The FCA considers these products ill-suited to retail consumers who cannot reliably assess the value and risks of derivatives or ETNs that reference certain cryptoassets (crypto derivatives). This is due to:
- The inherent nature of the underlying assets, which have no reliable basis for valuation;
- The prevalence of market abuse and financial crime in the secondary market for cryptoassets (e.g. cyber theft);
- The extreme volatility in cryptoasset price movements; and
- inadequate understanding by retail consumers of cryptoassets and the lack of a clear investment need for investment products referencing them.
The FCA believes that these features mean retail consumers might suffer harm from sudden and unexpected losses if they invest in these products.
The FCA is consulting on banning the sale, marketing and distribution to all retail consumers of all derivatives (i.e. contract for difference – CFDs, options and futures) and ETNs that reference unregulated transferable cryptoassets by firms acting in, or from, the UK.

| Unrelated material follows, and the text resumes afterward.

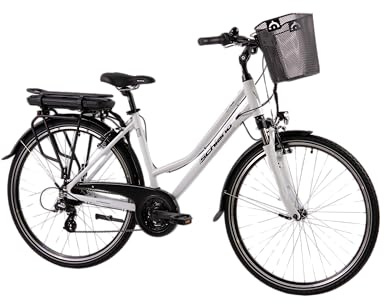 F.lli Schiano E-Ride, Bicicleta Electrica de Trekking, 28, Batería 36V 10.4Ah Extraíble, Motor 250W 40Nm, Bici Electrica Urbana, Unisex Adulto, Blanco, Cesta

The FCA estimates the potential benefit to retail consumers from banning these products to be in a range from £75 million to £234.3 million a year.
This FCA consultation follows Policy Statement (PS19/18) published on 1 July 2019, which finalised rules restricting the sale of CFDs and CFD-like options to retail clients.
In January 2019, the FCA also consulted on Guidance on Cryptoassets (CP19/3) to clarify what types of cryptoassets fall within its current regulatory perimeter, which closed on 5 April 2019. The FCA expects to publish its Final Guidance on Cryptoassets later in the summer.